動物食の例から、もう一つの帰結を引き出しておくことにします。
「倫理は私たちを、私たち自身をめぐる論争のうちに巻き込まずにはおかない。」
くり返しになってしまいますが、ここでは動物食の可否を論じたいわけではありません(詳しくは、別の機会に検討したいと考えています)。筆者自身は、「肉を食べること自体はともかく、殺して食べていることは折に触れて意識化したほうがよいのではないか」というスタンスですが、このトピックにはさまざまな考え方がありうるのではないかと思います。
いずれにせよ、ここで興味深いのは、動物食の問題は私たちを底なしの論争の泥沼に引きこむという点です。
大切にすべき命とは何か。人間と動物とでは、何が違うのか(あるいは、違わないのか)。倫理は両者の同一性と差異に応じて、どのように変化するのか。
こうした問いを問うことを通じてあらためて照らし出されるのは、私たち自身の生のあり方に他なりません。何が善で何が悪なのかという問いから逃げられる人は、おそらくこの世に一人もいないからです。
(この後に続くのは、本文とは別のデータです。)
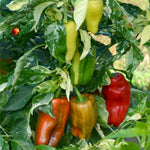 Set 4 Assorted Pepper Live Plants, 90 Days Old Super Pepper Live Plant for Summer Planting (Candy Cane Chocolate Cherry)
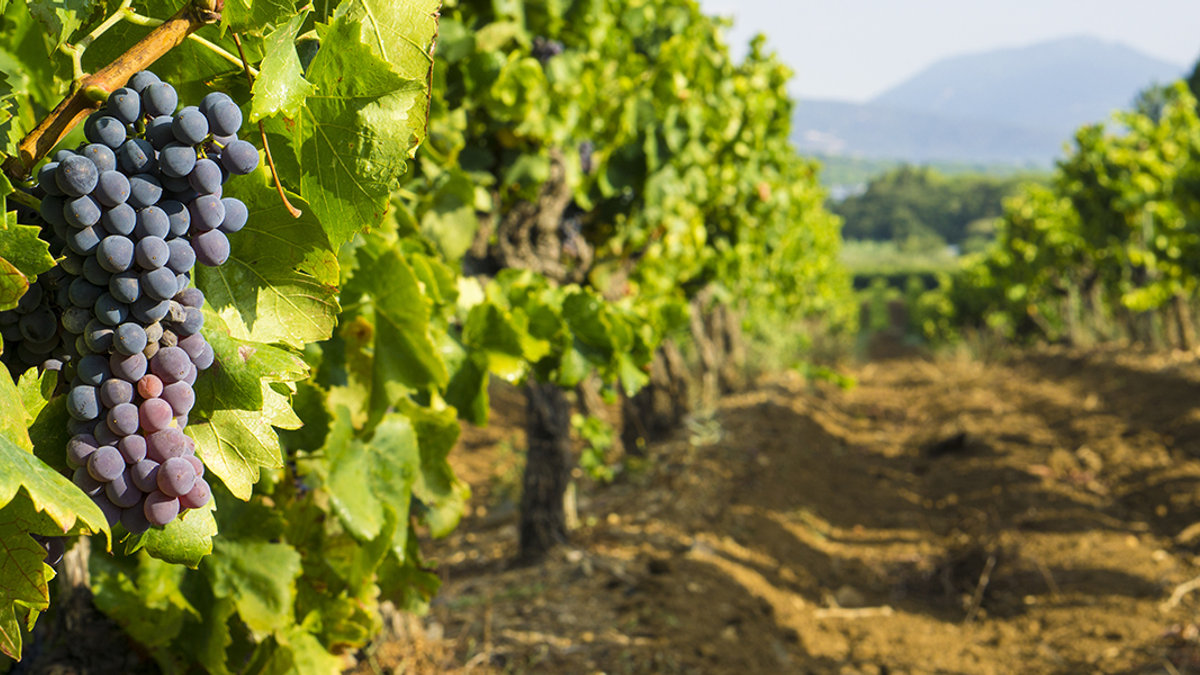GRAPES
これは本当に、恐ろしい問いです。誤りなしに善と悪を決定できる人間など誰もいないことは明らかですが、それでもこの問いから逃げることはできません。それは、私たち人間はみな、愛し傷つけ、慈しみ殺さずに生きてゆくことはできないからです。
誰もが知らないが、誰もが行っている。無垢のままでいられる人はおらず、その手が汚れていない人間は一人もいない。
私たちがもしも牛殺しや豚殺しの化け物であるとするなら、人を殺してなぜいけないのか。その逆に、もしも「人を殺してはならない」という掟が絶対的なものとして響くとするなら、その根拠は一体どこにあると言えるのだろうか。
動物食の問題はこのように、人間の世界の成り立ちそのものを揺るがしかねない大問題であることがわかります。この問題は、たんに周辺的な問題であるどころか、実は倫理と実存の中核に直結していると言えるのかもしれません。